The historical numbers are daunting for Tulane. Memphis has won 11 straight in the series—10 by double figures—and is 15-0 on non-Saturday games since 2014. But the Green Wave has some hope. Its last AAC home game was an impressive 20-17 upset of Houston in November of 2017. Memphis managed only 21 points in its loss at Navy a few weeks ago, and road teams typically struggle on short rest. The Tigers had eight days to get ready for the Wave the past two seasons and only six this time.
2) GROUND BOUND
This game figures to hinge on which team rushed more effectively, particularly with the potential for rain. Memphis has the nation’s leading rusher in Darrell Henderson, but Tulane has been much better against the run than the pass through four games. If surging defensive end Cameron Sample and company can contain Henderson, the Wave will have a fighting chance. Look for a steady diet of Darius Bradwell, Corey Dauphine and quarterback Jonathan Banks on keepers as Tulane tries to control the clock and force Memphis’s playmakers to stay on the sideline.

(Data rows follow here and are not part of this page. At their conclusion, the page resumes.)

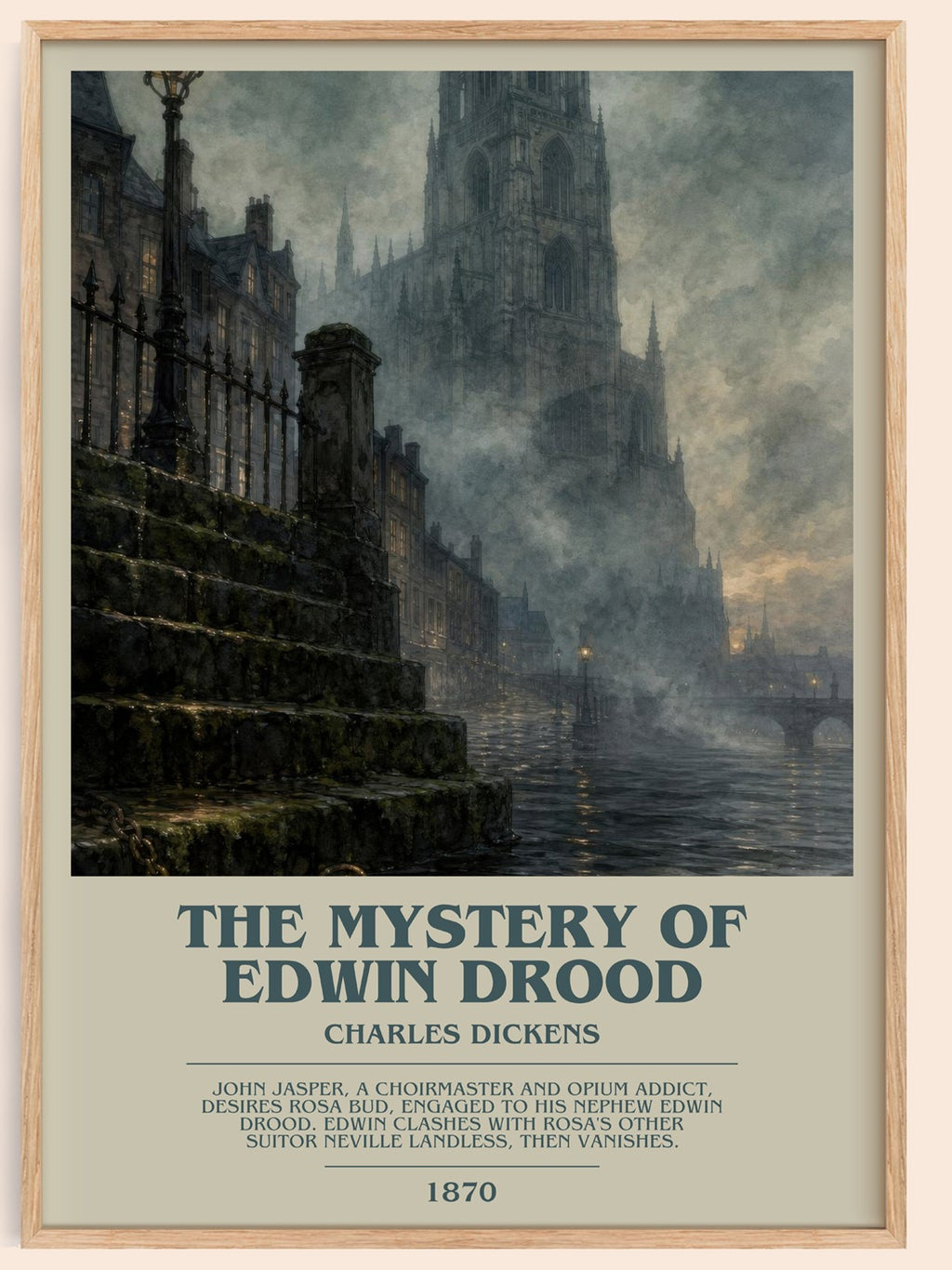 The Mystery Of Edwin Drood bookish book poster by Charles Dickens – framed literary art print
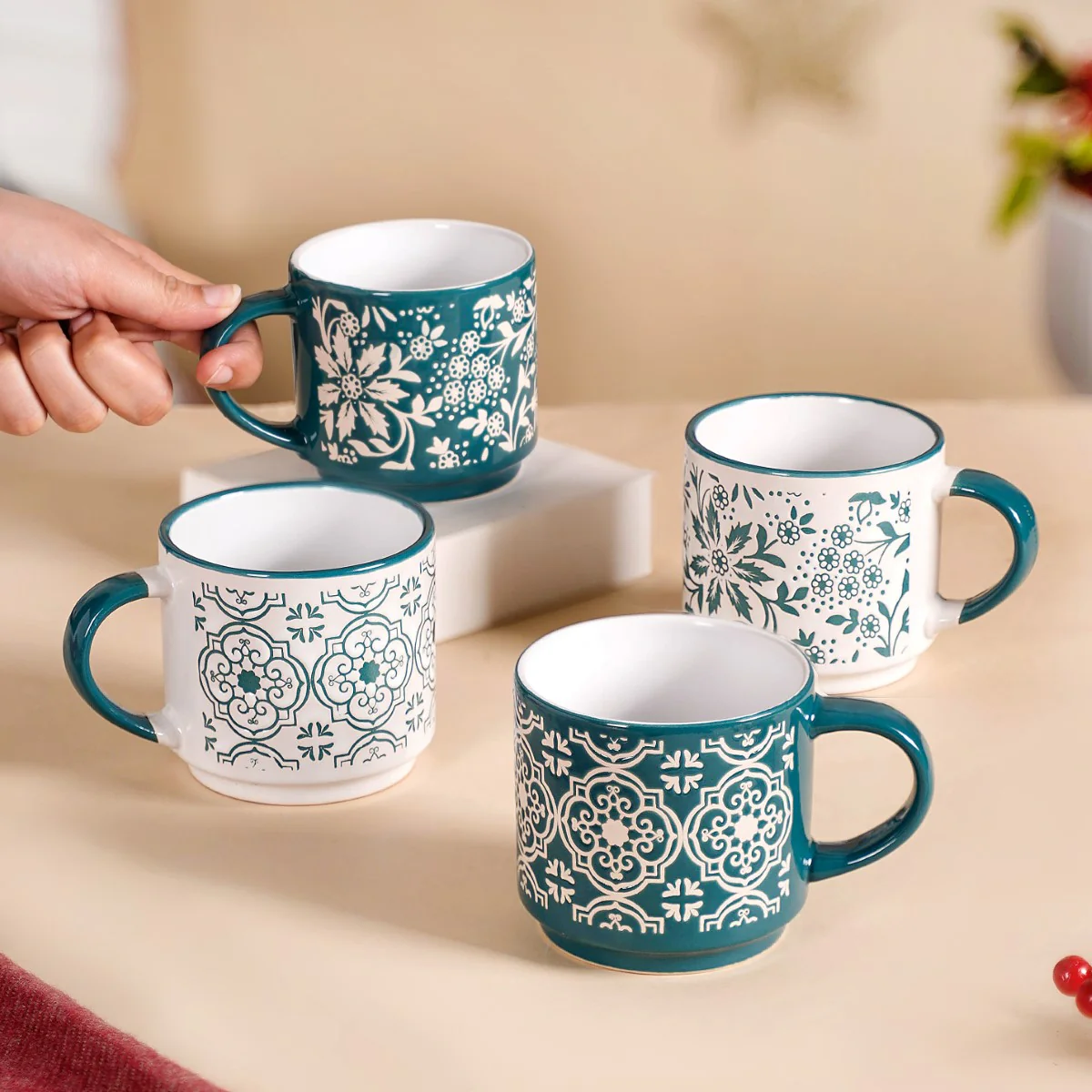 Stackable Coffee Cups With Stand Green Set of 4 240ml - Image 4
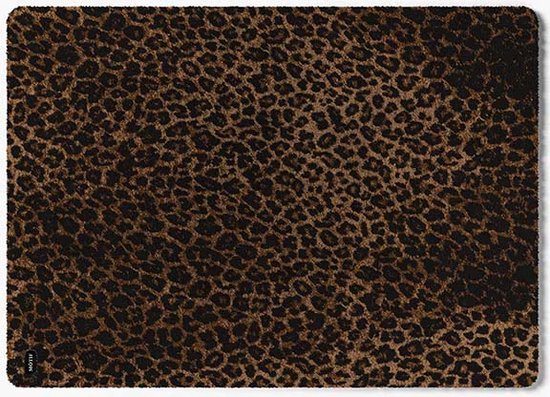 Mótif Leopard Naturel - Beige wasbare deurmat met luipaard patroon 60 cm x 85 cm - Deurmat binnen met print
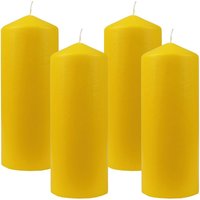 Bestgoodies - Wachskerzen ( 4er Pack ) Gelb Stumpenkerzen Ø6cm x 13,5cm - Kerze in vielen Farben, Lange Brenndauer - Hergestellt in eu - Kerzen von BESTGOODIES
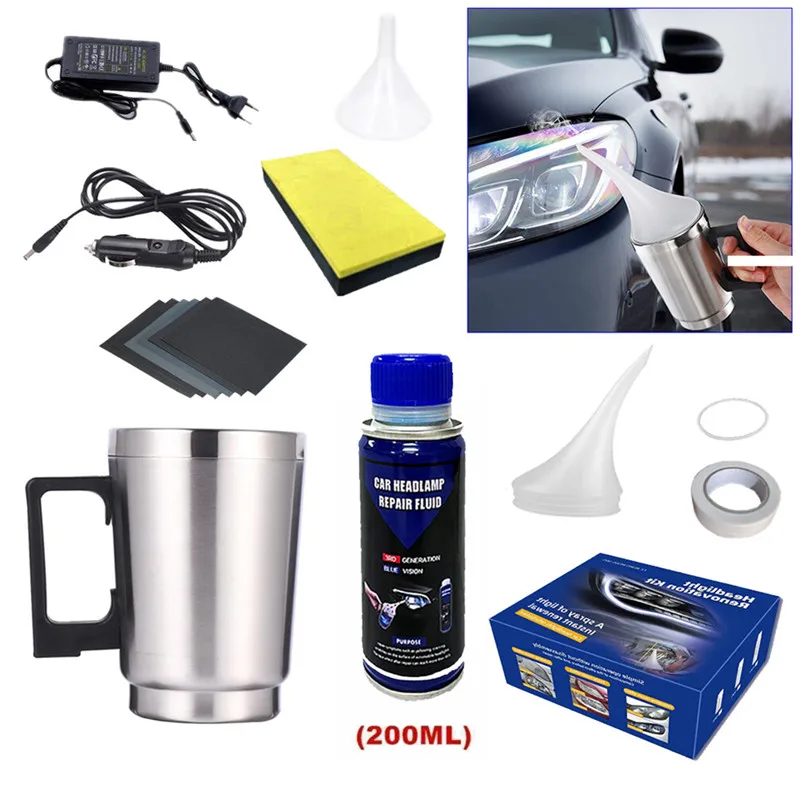 NOUVEAU Kit de réparation de phares 200ML – Outil de polissage pour phares de voiture, liquide de restauration polymère, kit de nettoyage avec tasse chauffante, prise UE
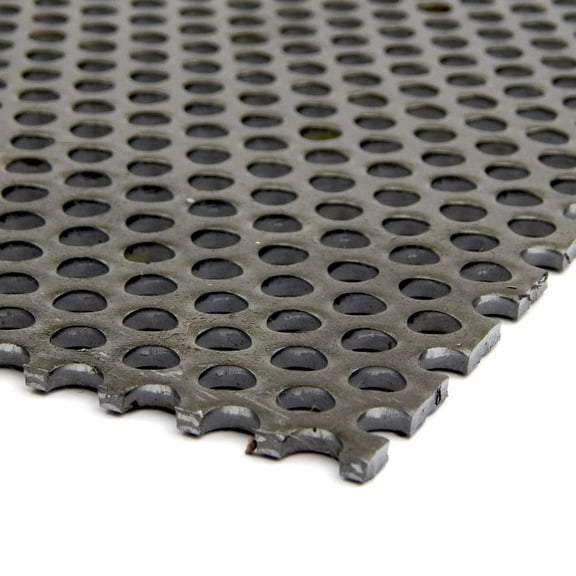 A36 Carbon Steel Perforated Sheet, Unpolished (Mill) Finish, Hot Rolled, Staggered 0.25" Holes, ASTM A36, 0.12" Thickness, 11 Gauge, 12" Width, 24" Length, 0.375" Center to Center, OnlineMetals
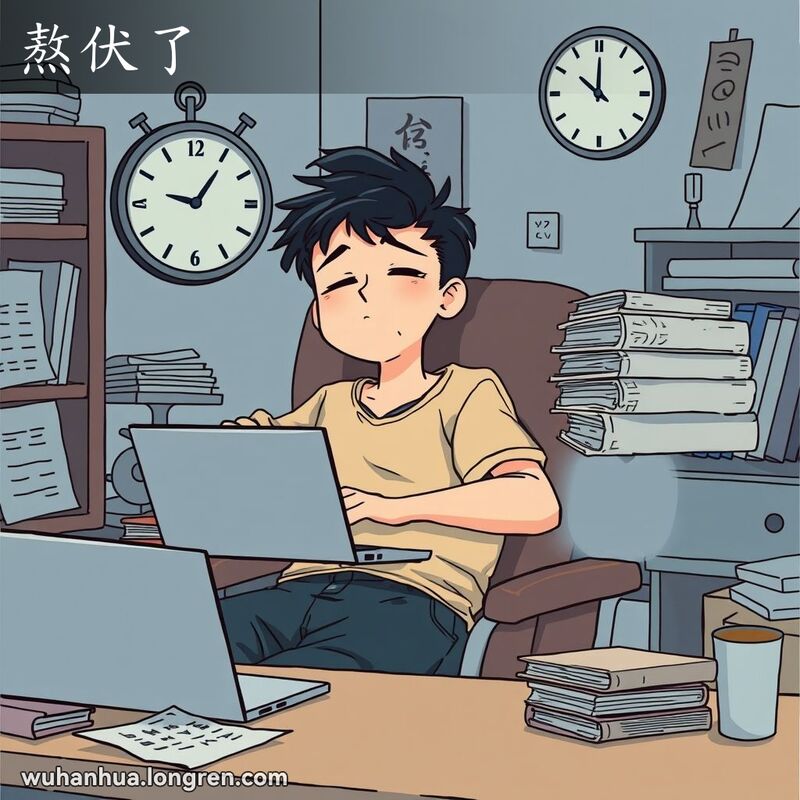 一位武汉年轻人在深夜坐在书桌前，面前摆放着电脑和一堆书籍，眼睛半睁半闭，努力抵抗睡意，背景是一个温馨而凌乱的书房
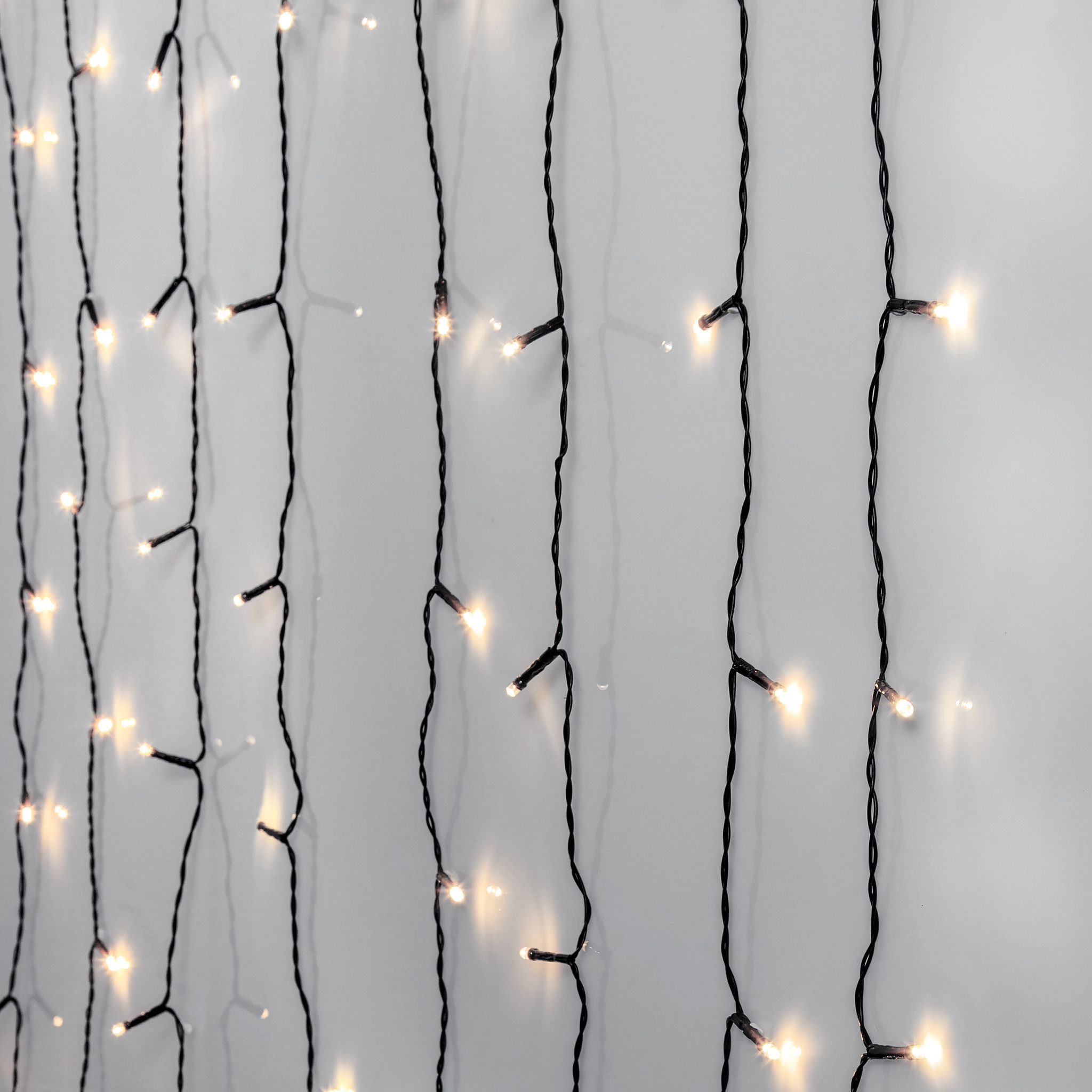LED crispy white, Vorhang, 120 LEDs - Schwarz, 3000K, 130cm x 200cm
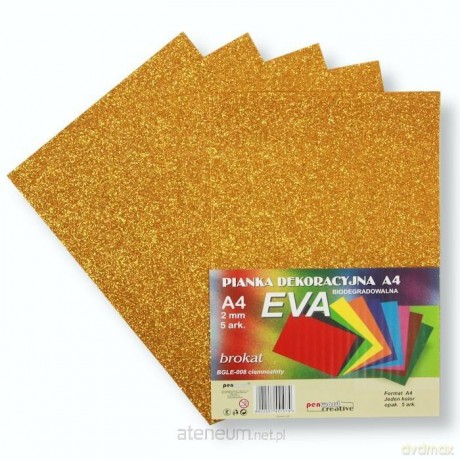 Pianka brokatowa A4 Eva ziemnozłota biodegrad. 5sz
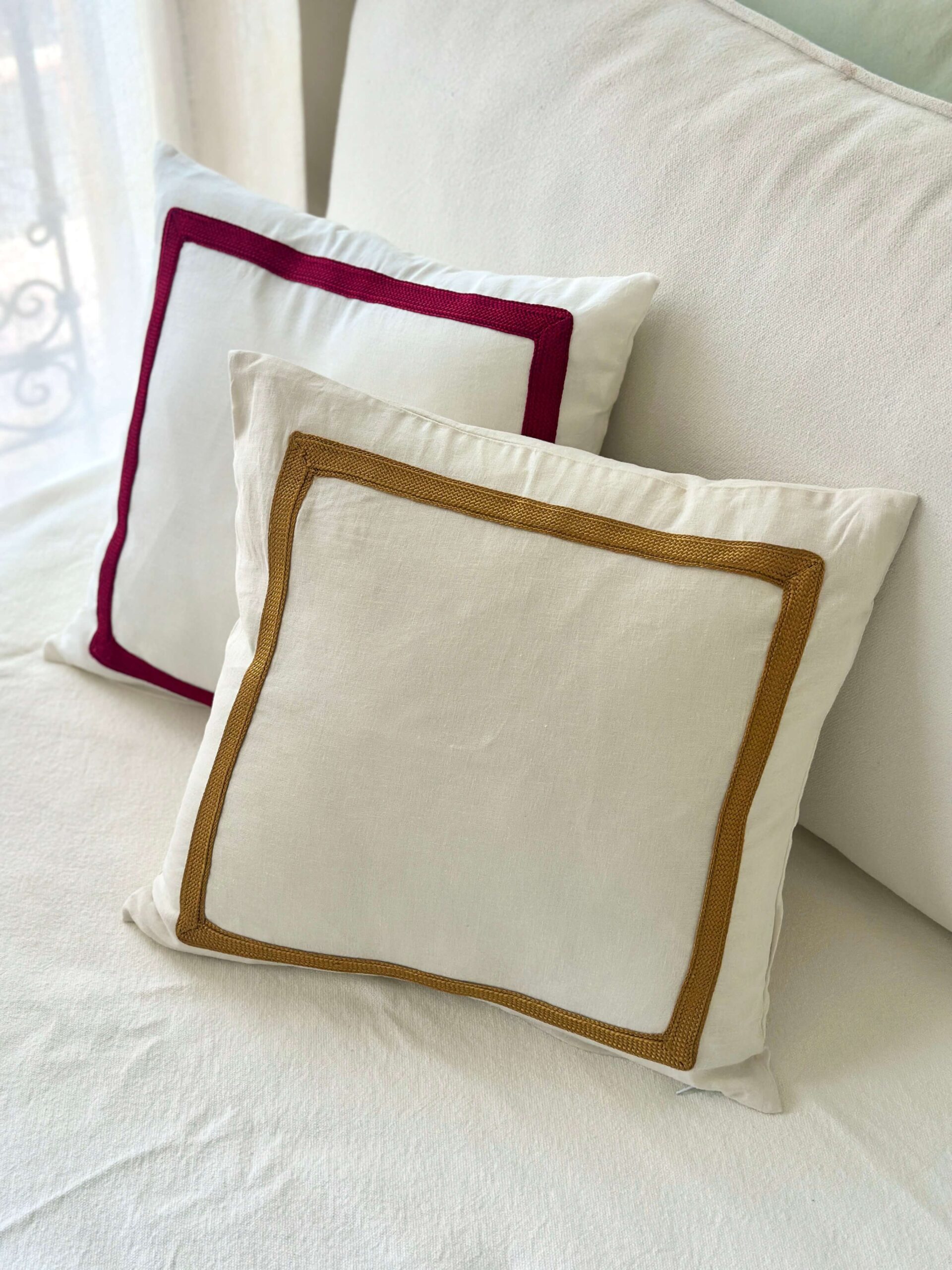 Coussin Capri en Lin et Sfifa, Jojuba
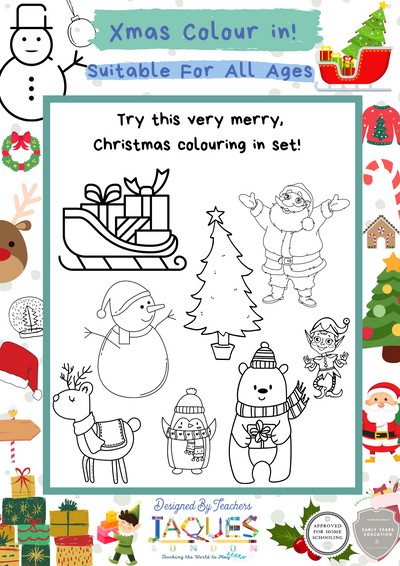 Eight Christmas Colouring In Pages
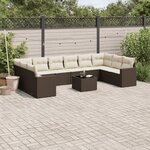 vidaXL Salon de jardin et coussins 11 Pièces marron résine tressée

Not surprisingly, Tulane’s best conference wins in recent years began with quick leads. The Wave led Houston 13-3 at halftime last season before holding on. It scored an early touchdown at Houston in 2014 and went ahead again 14-7 in the second quarter, gaining confidence during a surprising 31-24 victory. After the early-season struggles, the offense and defense need to make good things happen so self-belief kicks in. An early deficit would signal trouble on both sides of the ball.
TEST THE QUARTERBACK
This idea is true for both teams. Arizona State transfer Brady White has put up excellent numbers for Memphis (12 TDs, one interception, 72.2 percent completions), but he is a system guy who lacks the arm strength and improvisational ability of predecessors Riley Ferguson and Paxton Lynch. If Memphis forces Banks to win with his arm, he will have to be more accurate than he has been to this point (49.5 percent completions). White and Banks are imminently capable of getting the job done, but forcing them to prove it is the best option.
THE ADVOCATE SAYS
Memphis 31, Tulane 24
Tulane is capable of playing much better than it has in the first four games, but seeing is believing. The defense has not shown enough pass rush or coverage ability to prevent Memphis from its usual array of big plays. Neither the offensive line nor Banks have executed well enough to beat a team of the Tigers’ caliber yet. Both teams need this one desperately, and Memphis is more likely to come up with the winning score when it matters.